Tax Plan Could Result in Savings for Philadelphia Commercial Properties

Posted on 3 March, 2013 by Jodee Redmond

Under Philadelphia’s tax reform plan, taxes would be paid based on the property’s actual value instead of the outdated figures currently used by the city. This is good news for the 10 largest commercial taxpayers in the metropolis, which include Franklin Mills Mall, Center City office Towers and the shipyard in South Philadelphia. Their owners could end up paying 45 per cent ($17.5 million) less in property taxes next year.

For a number of years, commercial properties in the area have been assessed on real market values. Most residential properties were not assessed in the same way. As a result, commercial property owners ended up paying more than their fair share of property taxes.

Reaves C. “Trip” Lukens III, a private real estate appraiser in the city, stated, “It’s been a great week for the office-building owners. They’ve been getting the shaft for about 20 years, so it’s about time.”

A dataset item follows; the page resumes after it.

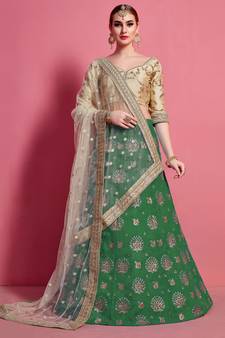 appetizing Green Sequins embroidered art silk bridal lehenga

Depending on where City Council sets the tax rate, commercial property owners could see their property tax bills drop by 26 per cent ($56 million). The exact rate will also depend on whether Council adopts a homestead exemption for residential properties. (These figures are based on a 1.25 per cent rate.)

Lukens went on to say that in his opinion, some commercial properties in the City of Brotherly Love are overvalued. He named Two Penn Center as an example. The property, which is located at 1500 John F. Kennedy Blvd., was assessed at $66 million last fall but the City’s Office of Property Assessment valued it at approximately $81 million. The difference in values between the two assessments is 23 per cent.

Under the tax reform plan, the tax bill for the property would be reduced by an estimated $241,598 or 19 per cent, to approximately $1 million. It currently stands at $1.25 million.